Azure Data Lake Storage Connector
Azure Data Lake Storage (ADLS Gen2) is the hierarchical, analytics-optimized object storage layer most teams use as the foundation of an Azure data lake. Containers in ADLS hold raw and curated files (Parquet, ORC, JSON, CSV, Avro, Delta, Iceberg, and more) that are queryable by Synapse, Databricks, HDInsight, and Spark.

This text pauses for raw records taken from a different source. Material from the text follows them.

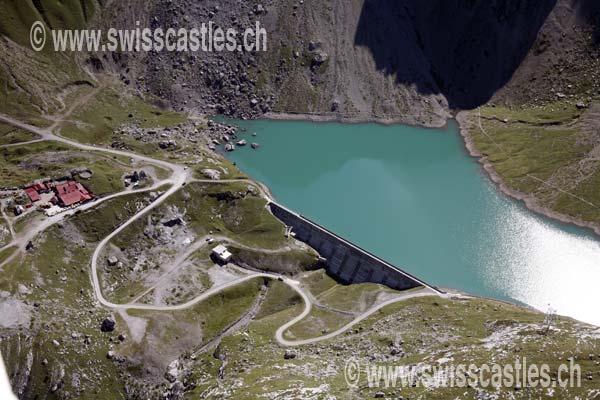 sanetsch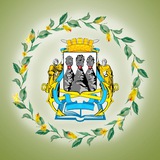 Управление образования администрации Петропавловска-Камчатского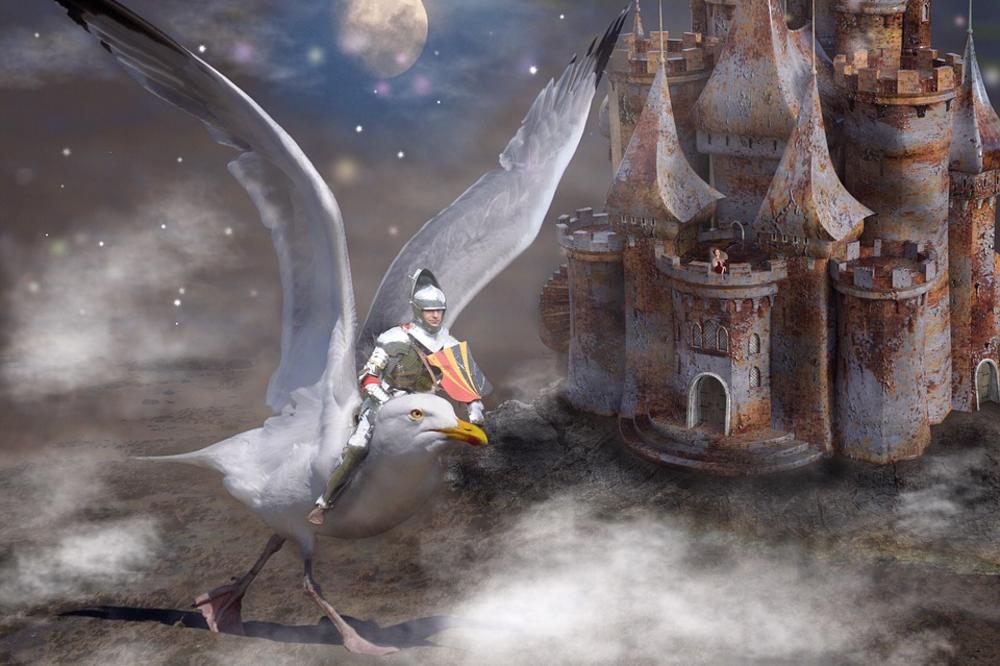 GODINA ROĐENJA NAM KROJI SUDBINU Evo šta vas čeka i šta ste bili u prošlom životu!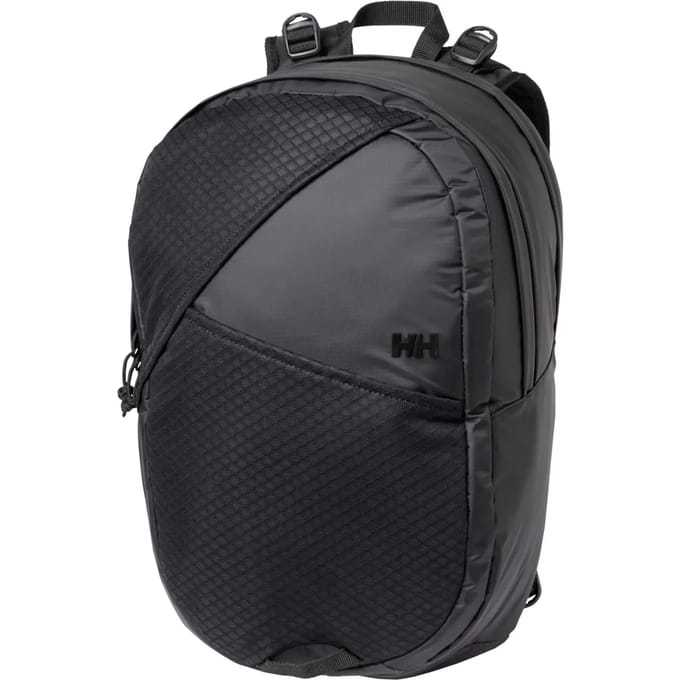 Rugzak Helly Hansen Explorer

The Qualytics Azure Data Lake Storage connector reads files directly from ADLS Gen2 containers over the ABFS driver. You provide a container URI, a root path, and an authentication mode. Qualytics then profiles the files, runs scheduled scans, and surfaces record- and schema-level anomalies. The same connector can also serve as an enrichment store.
Deep Dive
-
Permissions
Minimum role assignments for source (read-only) and enrichment (read-write) containers, plus ready-to-paste examples for storage data roles.
-
Authentication
Choose between Shared Key (storage account access key) and Service Principal (Azure AD OAuth client credentials) for ADLS connections.
-
Troubleshooting
Common ADLS connection errors and how to resolve them, covering credentials, role assignments, container configuration, and TLS endpoints.
How-tos
-
Add Source Datastore
Step-by-step UI walkthrough for adding Azure Data Lake Storage as a source datastore, using either a new or existing connection.
-
Create via API
REST and CLI payload examples for creating ADLS source and enrichment datastores, with both Shared Key and Service Principal authentication.
Notes
Supported file formats
The connector reads any file format Qualytics supports for DFS sources, including Parquet, ORC, Avro, JSON, CSV, Delta, and Iceberg. See Supported File Formats for the full list. Schema inference and partition discovery work the same way they do for any other DFS source.
URI format
Azure Data Lake Storage URIs use the ABFS scheme with the pattern abfss://<container>@<account>.dfs.core.windows.net. The abfss:// scheme is the TLS-encrypted variant and is the recommended choice for production connections. Plain abfs:// is also accepted but is not encrypted in transit.
Container vs account permissions
ADLS supports role assignments scoped at the storage account level or at the individual container level. Granting access at the container level follows the principle of least privilege and is the recommended approach when the storage account holds multiple containers that should not be visible to Qualytics.